Problem/Motivation

Large migrations can be problematic, from both a query standpoint and a processing standpoint. Adding the ability to batch process a migration would be helpful. With batch support, the ability to limit migrations would be a much easier task as well. See #2282013: Add a row limit option to MigrateExecutable.

Proposed resolution

Add batching support to the core migrate module.

Remaining tasks

All the tasks.

User interface changes

Possibly the ability to limit migrations from the UI.

API changes

TBD

Support from Acquia helps fund testing for Drupal Acquia logo

Comments

chx’s picture

I think #2282013: Add a row limit option to MigrateExecutable will be completely swallowed by this. Specify a batch size, run one batch, done.

mikeryan’s picture

Title: Add Batching Support » Add query batching to SqlBase

Batching for the UI, support for row limits, etc. is all being handled now by the contrib tools. The one element here we don't have in D8 is batching of large SQL queries - for very large migrations, the migration's base query may simply overrun memory limits/buffer sizes/etc. This functionality was added to D7 migrate in #2296187: Add batched query support to MigrateSQLSource, we should look at porting it forward (not from the patch there but from the current implementation, there ended up being a couple significant bugs in that patch).

mikeryan’s picture

mikeryan’s picture

Priority: Normal » Major
mikeryan’s picture

Status: Active » Needs review
Issue tags: +Needs tests
FileSize
5 KB

Here's a straight-forward port of the D7 functionality. Would be great if someone with a huge volume of content could manually test with this path.

mikeryan’s picture

And then, thinking about how to test this (which requires setting a batch_size option in the source plugin configuration), given the lack of tools for configuring migrations... The batching is disabled by default, but maybe we should enable it with some fair-sized value like, I don't know, 50000?

benjy’s picture

  1. +++ b/core/modules/migrate/src/Plugin/migrate/source/SourcePluginBase.php
    @@ -284,7 +284,7 @@ public function next() {
    +      $this->getNextRow();
    
    @@ -318,6 +318,13 @@ public function next() {
    +  protected function getNextRow() {
    
    +++ b/core/modules/migrate/src/Plugin/migrate/source/SqlBase.php
    @@ -225,10 +249,41 @@ protected function initializeIterator() {
    +  protected function getNextRow() {
    ...
    +  protected function getNextBatch() {
    

    It seems strange to prefix these with get when they don't actually return anything? Maybe it should just be nextRow() or prepareNextRow(), which then is kind of close to prepareRow(), open to suggestions?

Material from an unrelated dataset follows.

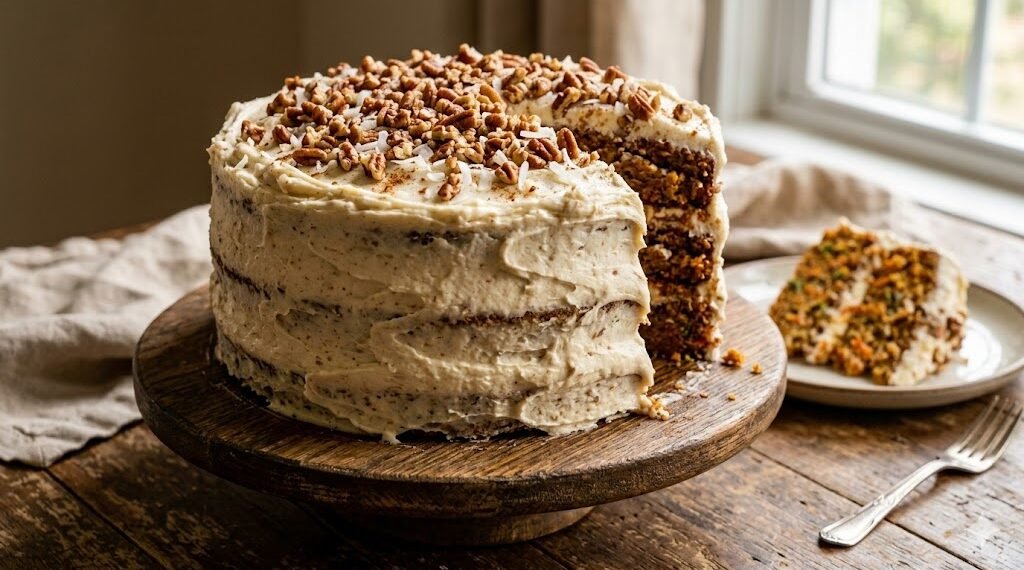 Moist Carrot Cake with Pecans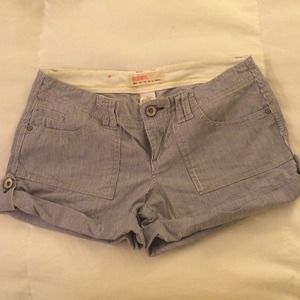 Blue and white striped shorts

  2. +++ b/core/modules/migrate/src/Plugin/migrate/source/SqlBase.php
    @@ -32,6 +32,11 @@
    +  protected $batchQuery;
    

    Needs a class comment, can you explain how the batch query works here in relation to the normal query? E.g., explain we clone it upfront and then clone it for each new batch query.

  3. +++ b/core/modules/migrate/src/Plugin/migrate/source/SqlBase.php
    @@ -157,6 +180,7 @@ protected function prepareQuery() {
    +    $this->batch = 0;
    

    Un-needed, already initialised on the class itself.

  4. +++ b/core/modules/migrate/src/Plugin/migrate/source/SqlBase.php
    @@ -225,10 +249,41 @@ protected function initializeIterator() {
    +      $this->getNextBatch();
    +      $this->getIterator()->next();
    ...
    +    $this->result = $query->execute();
    

    I'm not sure how this actually works. Where is $this->result initialised? And how is it used.

catch’s picture

50k for a default is good.

mikeryan’s picture

Status: Needs review » Needs work

It seems strange to prefix these with get when they don't actually return anything? Maybe it should just be nextRow() or prepareNextRow(), which then is kind of close to prepareRow(), open to suggestions?

s/get/fetch/ ?

Needs a class comment, can you explain how the batch query works here in relation to the normal query? E.g., explain we clone it upfront and then clone it for each new batch query.

As I recall, we cloned it in D7 so that our alterations didn't affect other usages of the main query (like retrieving counts). I'll review and document it more clearly.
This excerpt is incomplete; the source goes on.